Could a high-end $50 a person vegetarian restaurant survive in America? If it could survive, how long would you guess it could survive?
If you guessed thirty years you would be right.
Roughly one percent of Americans are vegetarians so any cautious guess on your part would be sensible. Almost nobody can stay in business at high-end food prices to service a tiny market; high-end Ethiopian, Greek, Turkish and Moroccan restaurants rarely survive for long.
Greens at Fort Mason in San Francisco has succeeded and is still full today, everyday and night of the week, with over 180 seats, after thirty years.
Since Greens was originally my idea and I have been the business consultant (and often part of management) for over thirty years, I feel free to advance some ideas about the success.

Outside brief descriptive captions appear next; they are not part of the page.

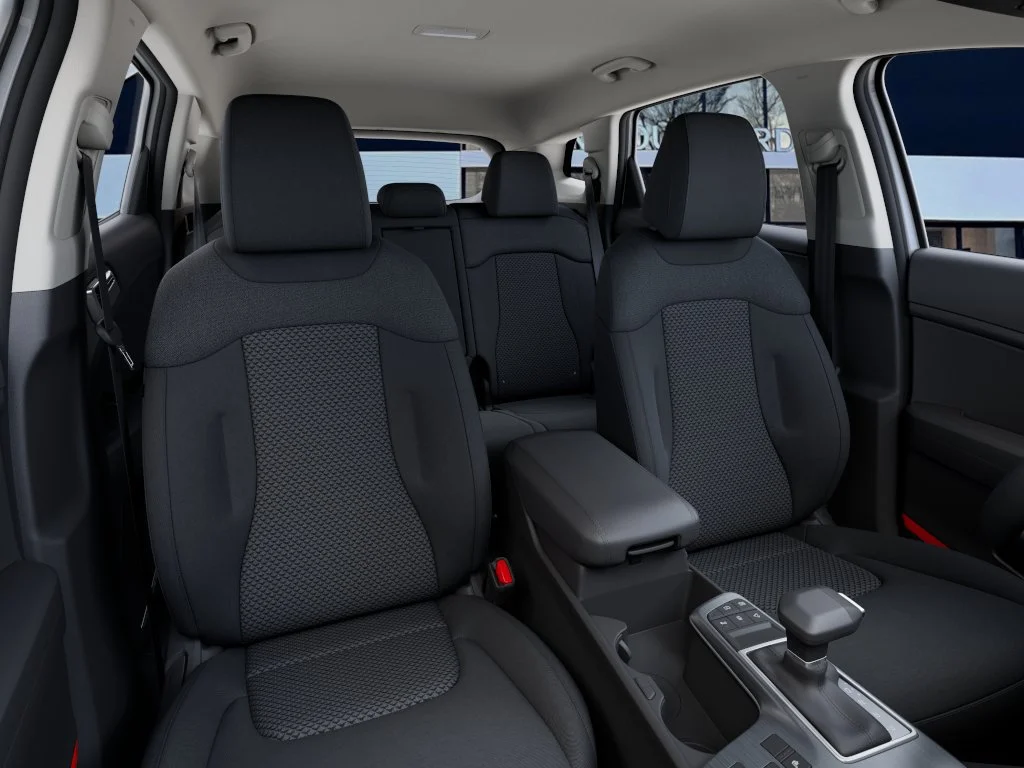 New 2027 GLACIAL WHITE PEARL Kia LX image 8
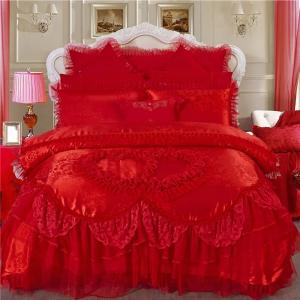 Modern Style 100% Organic Cotton Quilt Home Sheet Sets Comforter Bed Sheet 8 pcs Set Bed Cover PVC Bag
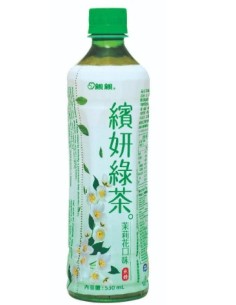 BOISSON THE VERT JASMIN SANS SUCRE CHINCHIN 530ML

Do all of those things and you'll have a successful restaurant.* The restaurant was started by San Francisco Zen Center and created by Dick Baker the Abbott. When it first opened it was packed because the SF Zen community had over ten thousand members. It opened packed to the walls. It has remained packed to this day. Opening full is an important rule of business.

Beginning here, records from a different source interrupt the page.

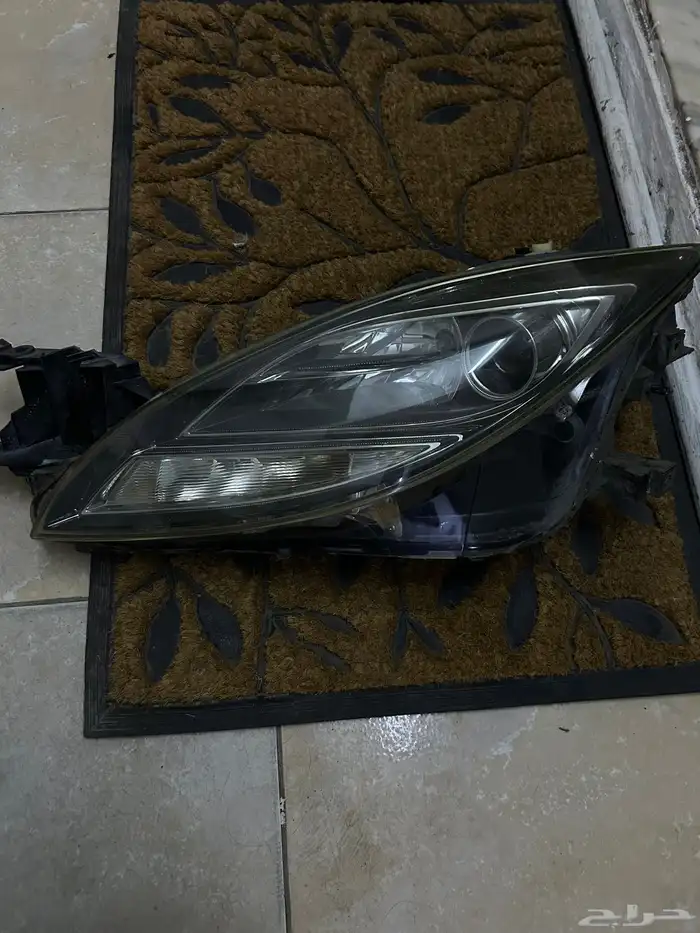 شمعات مازدا 6 فل كامل 0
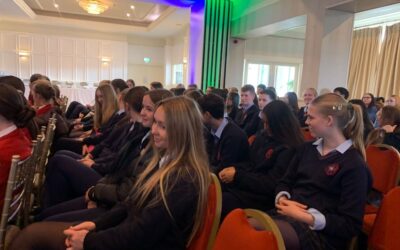 Enterprise Day at the  Celtic Ross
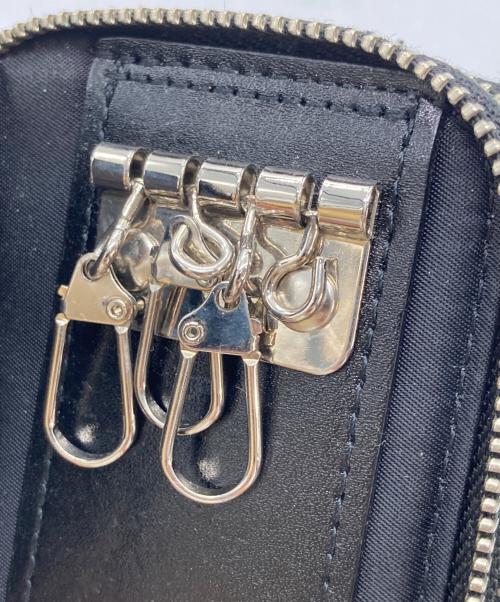 PORTER（ポーター）PORTER (ポーター) KEY & COIN CASE ブラックの古着・服飾アイテム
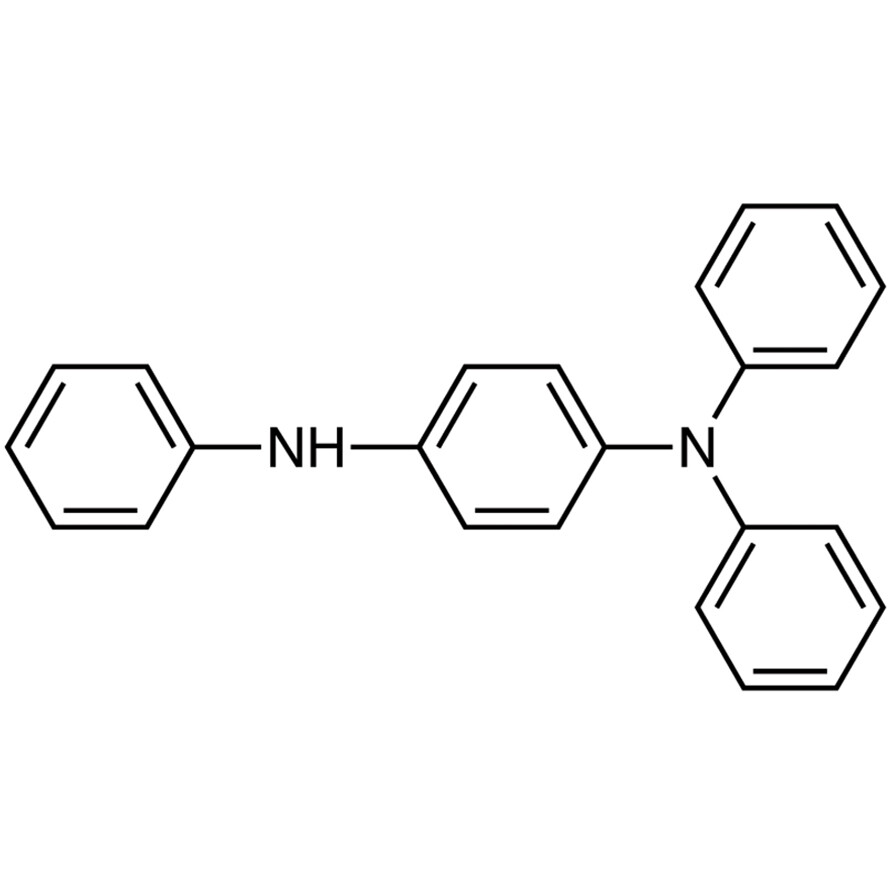 N,N,N&#39;-Triphenyl-1,4-phenylenediamine&gt;98.0%(GC)1g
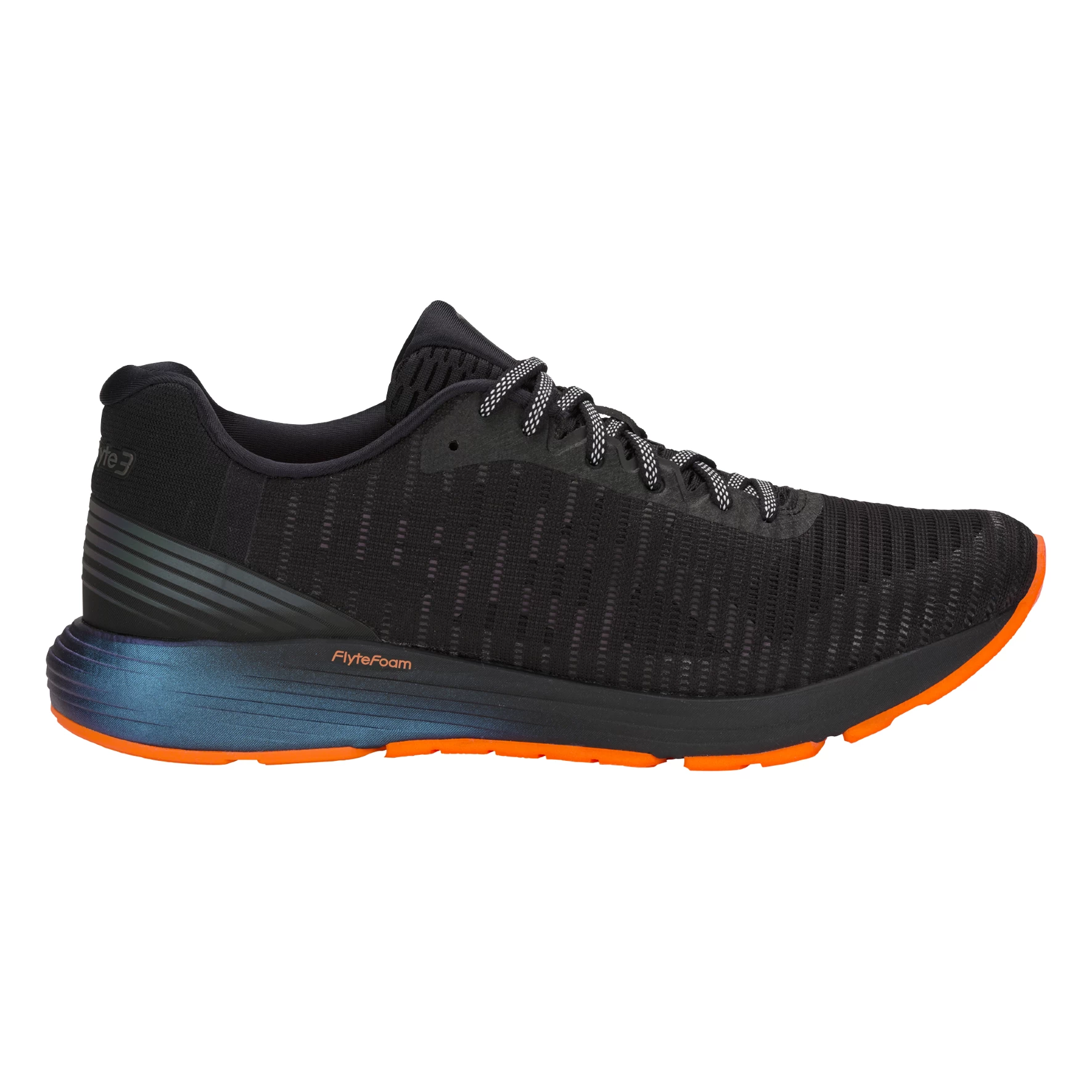 Кроссовки Asics DynaFlyte 3 LITE-SHOW / Мужской / 44 / Черный/Синий photo 14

* We recognized that veggie customers alone would never support a business so the restaurant had to have three things: a great wine list, superb food and a comfortable welcoming non-limiting aesthetic (as opposed to the common hippy, Zennie or New Age decor of veggie places). Greens provided a place where three regular humans could eat with their veggie friend.
* Lastly, over the thirty years we updated the decor regularly without changing it (soon to be updated again). We have been able to demand top flight service because no one on the staff ever wanted to leave. We made sure that every single one of the thousands of dishes produced every day every week were all equally perfect (thanks to Annie, the core of the kitchen).